*Problem to solve*. Once you find the line below that has "Làm Một Bữa", output it and every line after it exactly, stopping after the line that has "Antique Silk Lined", with no pictures.

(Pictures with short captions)

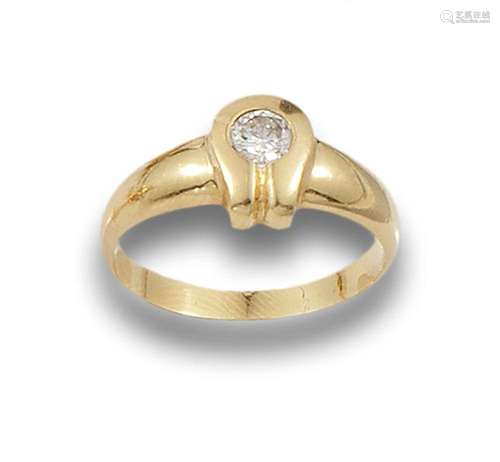 18 kt yellow gold solitaire ring.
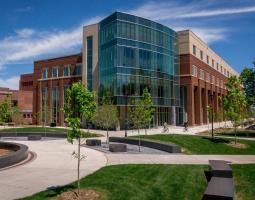 University of Wisconsin Eau Claire Университет Висконсин в О-Клэр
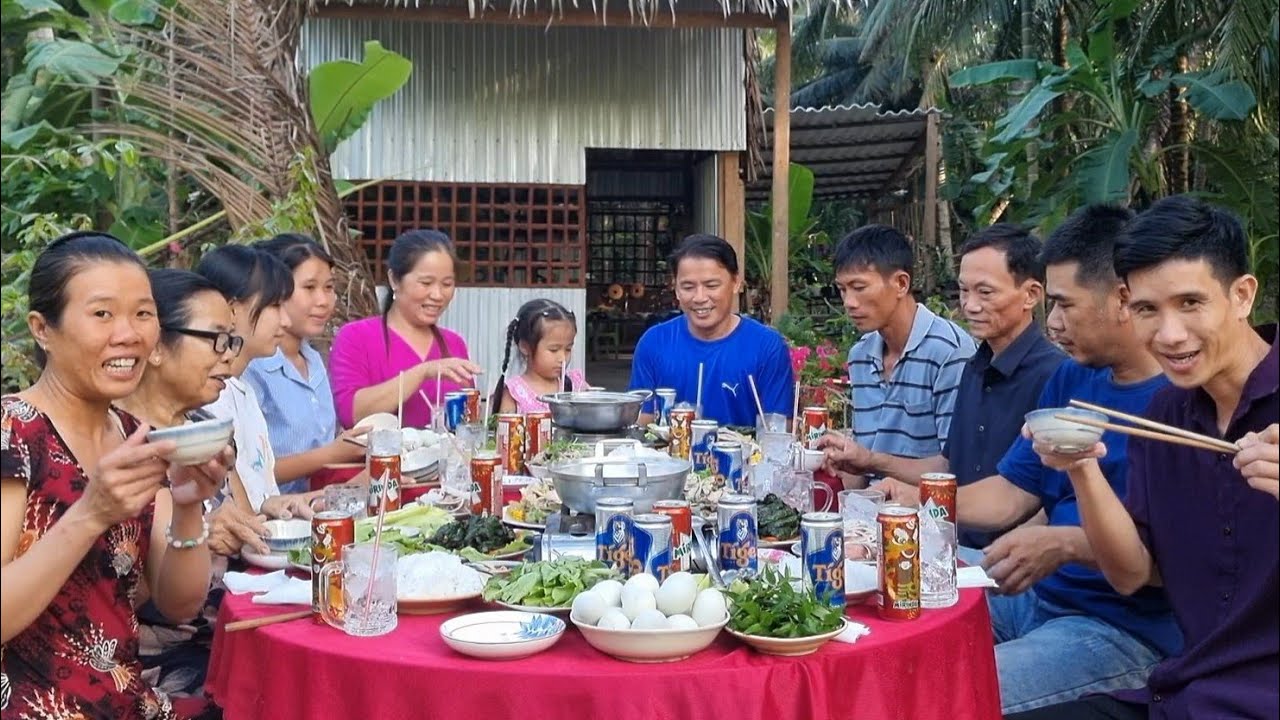 Làm Một Bữa Tiệc Hoành Tráng Cuối Năm Cùng Anh Em Đón Chào Năm Mới | ATTD&Family T198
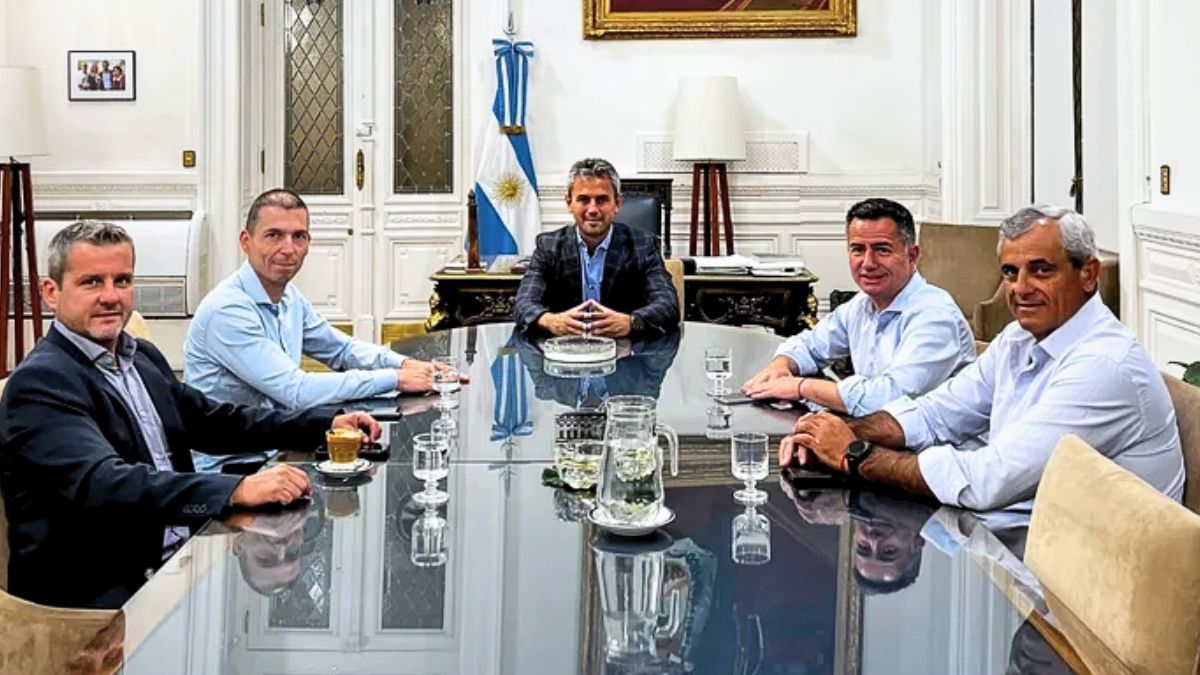 Martín Menem recibió a los diputados que sumarán al bloque de La Libertad Avanza. Martín Menem recibió a los diputados que sumarán al bloque de La Libertad Avanza.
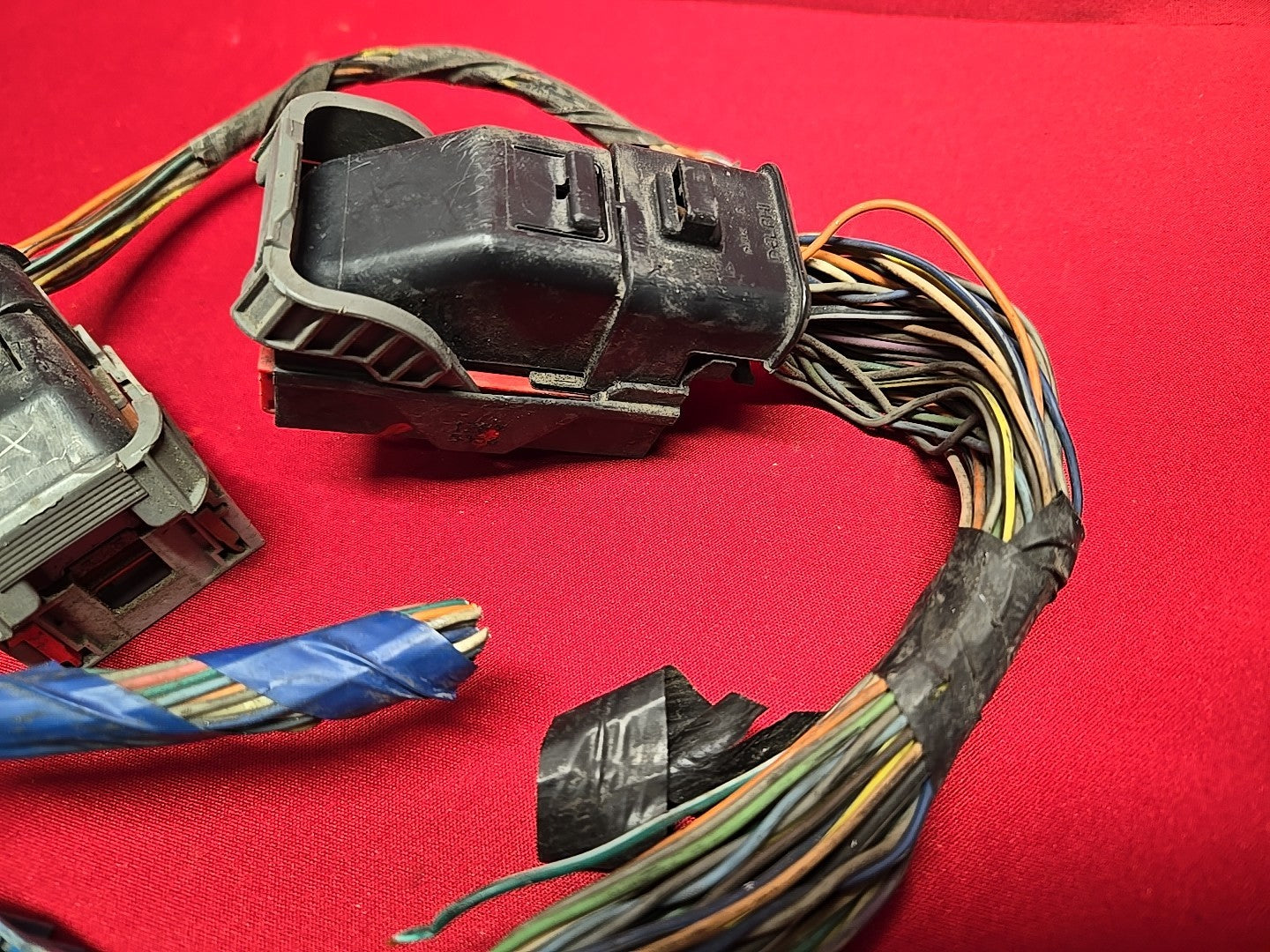 2005 2006 GM V8 Engine Powertrain Control Module ECM ECU PCM - Pigtails ONLY!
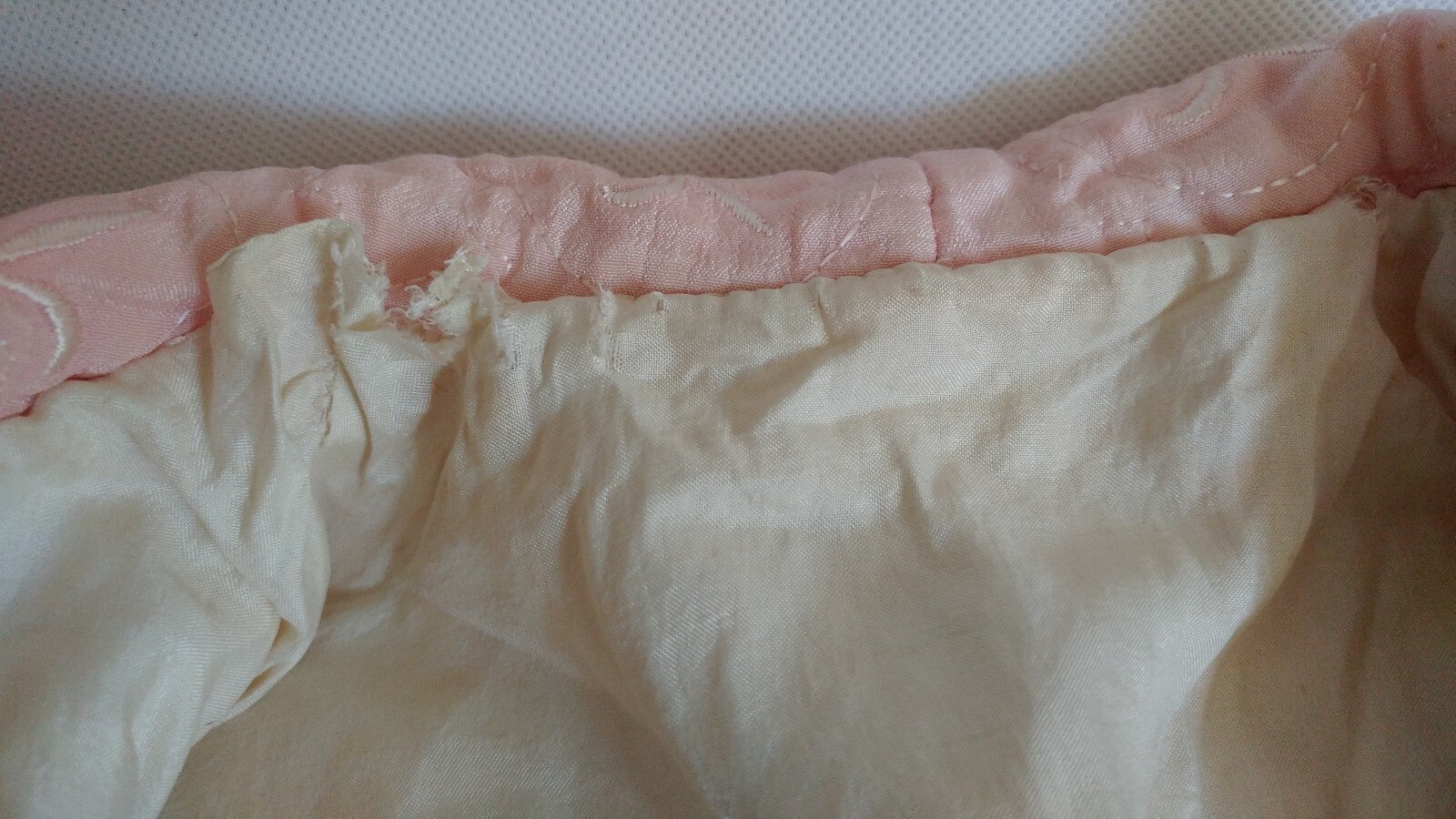 Antique Silk Lined Bed Jacket Pink Quilted & Embroidered Lingerie 28-29in chest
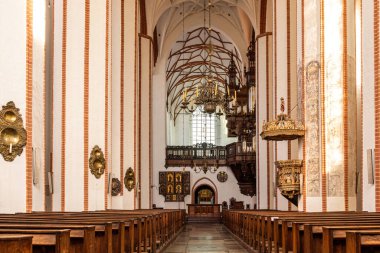 Gdansk, Polonya - 25 Ağustos 2023: Gotik Kutsal Üçleme Kilisesi. Antik Gotik Ortaçağ Kilisesi 'nin sunağı ve sütunu.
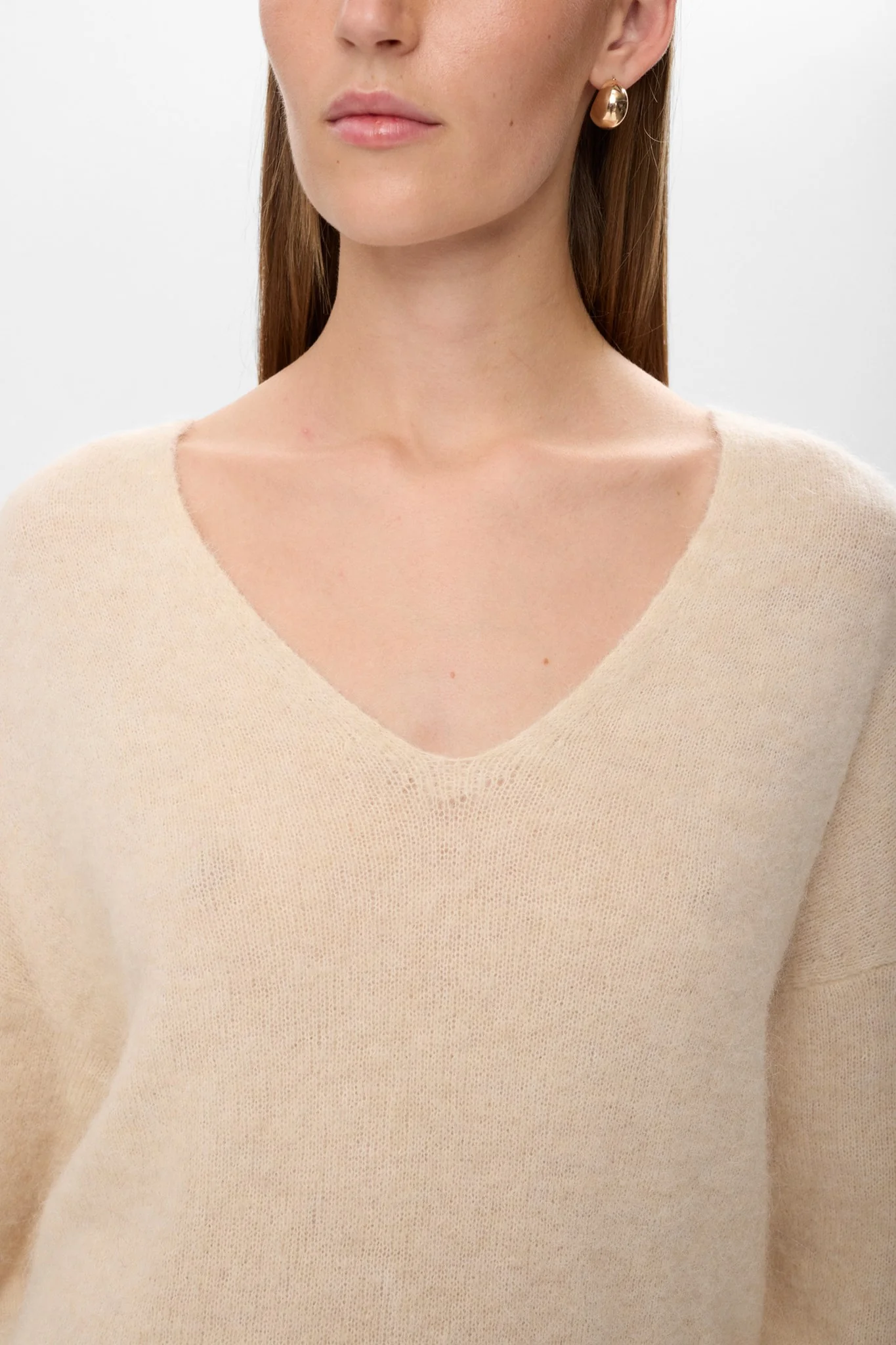 NURIETTE V-NECK PULLOVER  - Gray Morn - Image 4
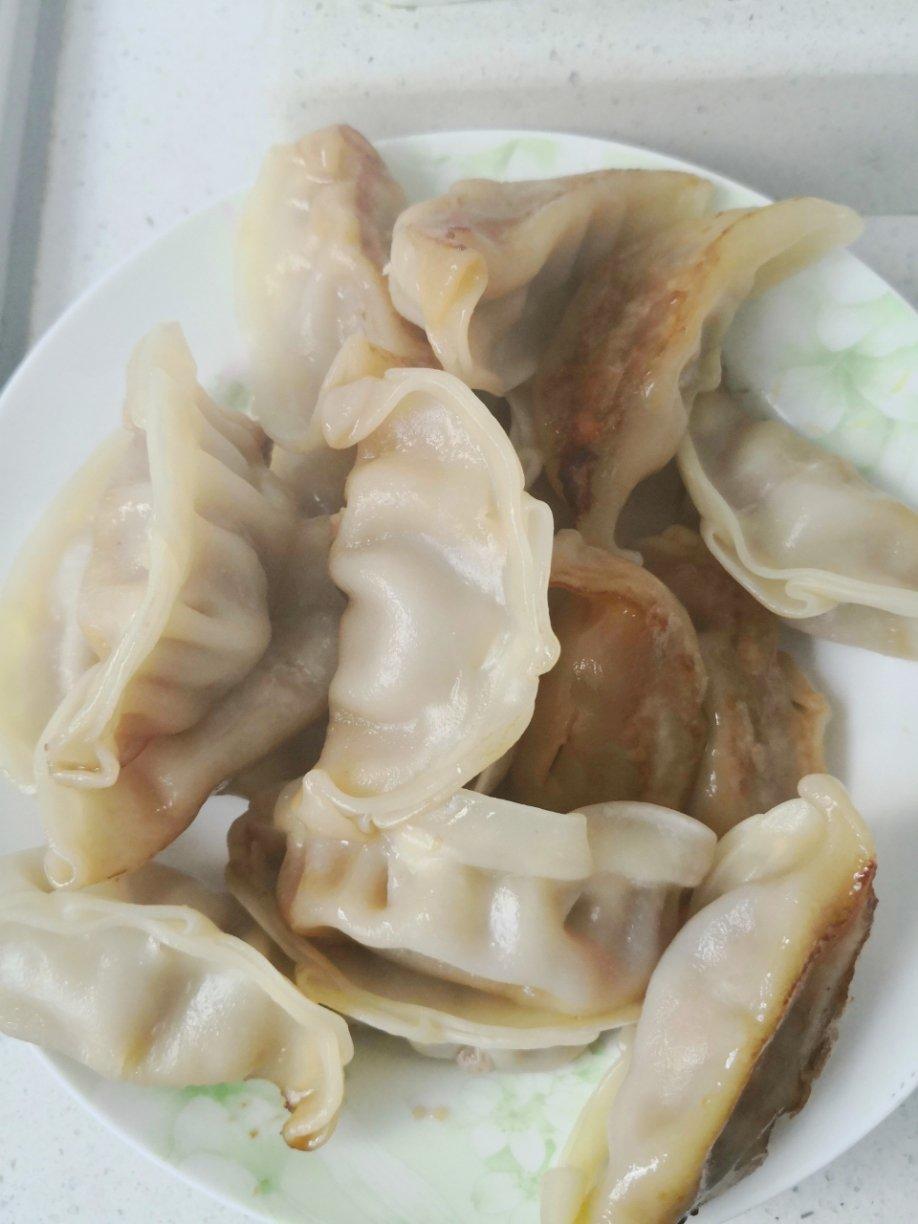速冻水饺吃腻了吗~变锅贴吧(๑´ڡ`๑)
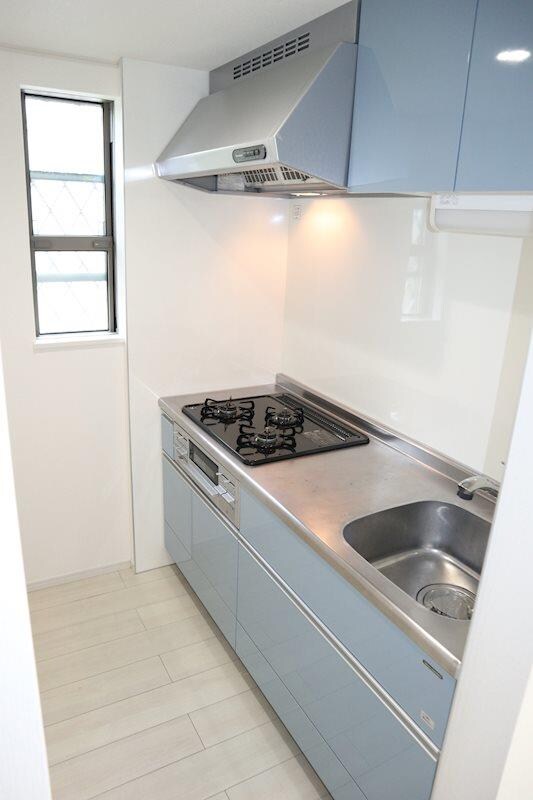 物件内観写真5　(角部屋なので窓があります！)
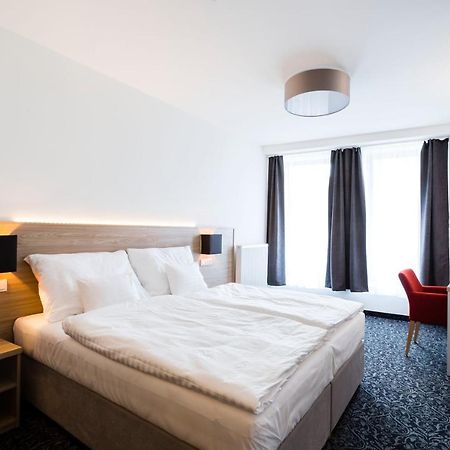 Hotel Koflik Страконице Экстерьер фото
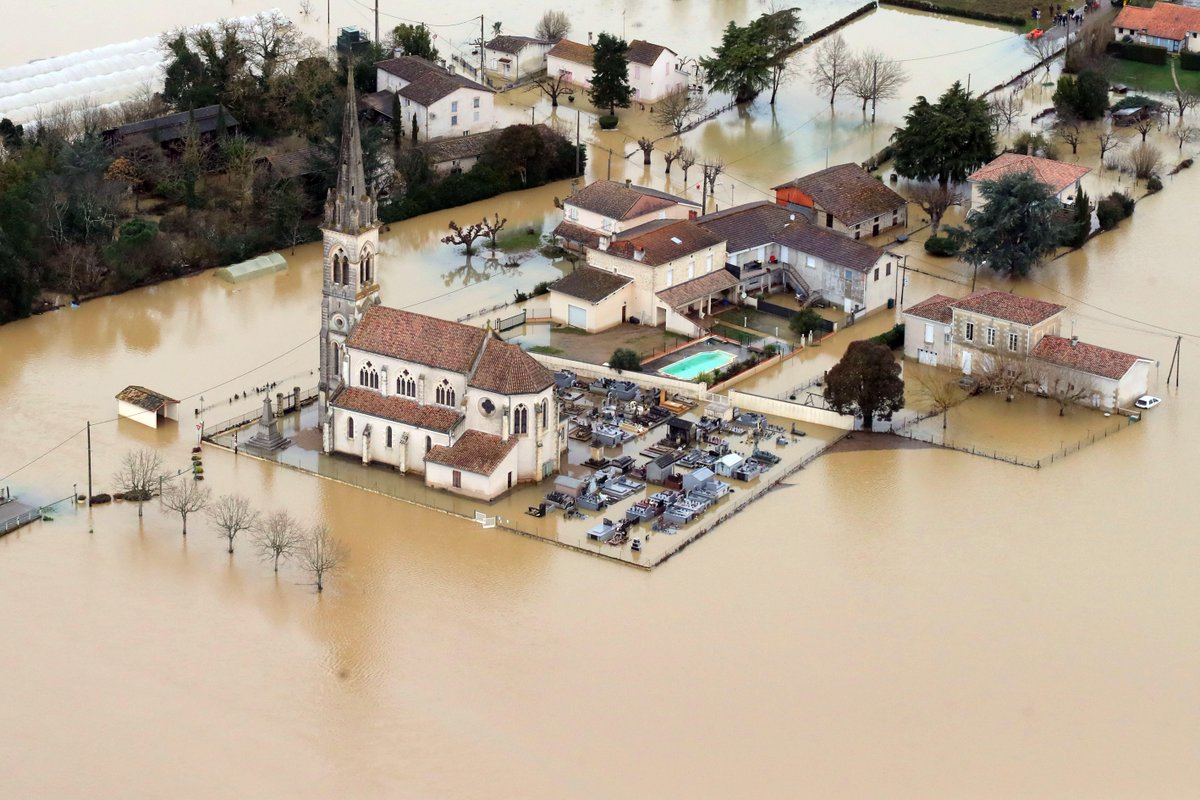SO_Bordeaux's tweet photo. Vidéos. Sud-Gironde : en avion et par drone, le film d’une semaine de crue record vue du ciel. Photos Laurent Theillet https://t.co/XCmpmjX6DC https://t.co/EPmACnz6Xf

*Task response*.
 Làm Một Bữa Tiệc Hoành Tráng Cuối Năm Cùng Anh Em Đón Chào Năm Mới | ATTD&Family T198
 Martín Menem recibió a los diputados que sumarán al bloque de La Libertad Avanza. Martín Menem recibió a los diputados que sumarán al bloque de La Libertad Avanza.
 2005 2006 GM V8 Engine Powertrain Control Module ECM ECU PCM - Pigtails ONLY!
 Antique Silk Lined Bed Jacket Pink Quilted & Embroidered Lingerie 28-29in chest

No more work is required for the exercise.